Got it. Still, I'm not a big fan of tests, I feel like I'm wasting my time. Except for very specific / complex / sensitive parts of the code, I hardly test my code. The fact that my work is usually very UI-centric does not help either. Toggle a button, rotate the camera using the mouse and check that the wireframe is correctly displayed. Good luck.

More testing is definitively something I want to try in this post series. Maybe I wouldn't have tried if it wasn't for this blog actually.

And sometimes, your system explodes, as is the case now with my angularJS side project. Each defect leads to a new one. My architecture is probably really bad, since this is my first project using this technological stack. The first isolated part I'll try to test is the REST API.

Testing a REST API

It's a single PHP page, using the Slim framework and accessing a mySql database. Around 10 different actions, with various error return codes.

phpUnit, DbUnit, sure, but PHP should stay an implementation detail.

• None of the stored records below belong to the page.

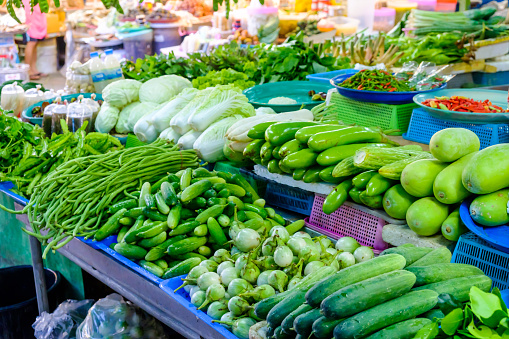 Asian farmer's market selling fresh green salat vegetables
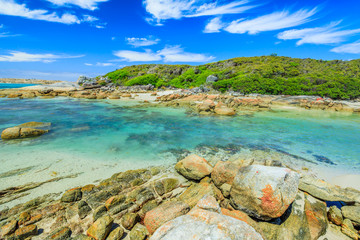 Scenic Madfish Island has the best William Bay rock pools. William Bay NP, Albany region, Western Australia. Sunny day with blue sky. Popular summer destination in Australia.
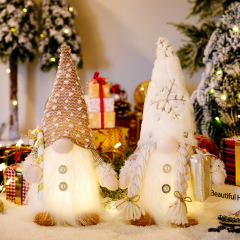クリスマスの新しい装飾品の長いひげのベルベットの帽子は明かりを持ってプレゼントの杖を持っています。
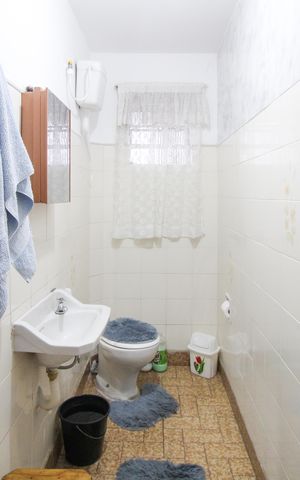 Casa à venda com 107m², 3 quartos e 2 vagas Casa à venda com 107m², 3 quartos e 2 vagasCasa 1 - Banheiro
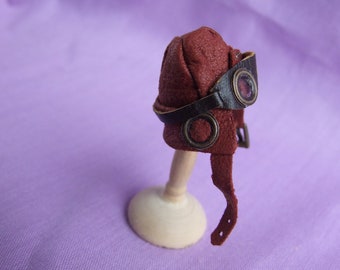 Puede incluir: Un casco de aviador de cuero burdeos en miniatura con gafas y correas de cuero marrón oscuro. El casco se exhibe sobre un pequeño soporte de madera sobre un fondo púrpura. Las gafas tienen lentes circulares.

Frustrated after these long minutes looking for tools, I decided to do it by hand: Create a test grunt configuration, binding to a test database, maybe using SqlLite, and then I'll do simple curl requests and check the results. And yes, some requests will have side effects and their order will matter.

Booooooo !

That's exactly the kind of mistakes 'bad' programers do, for lack of knowledge of the appropriate tooling. They end up re-inventing the wheel and wasting even more time. So let's sleep over it.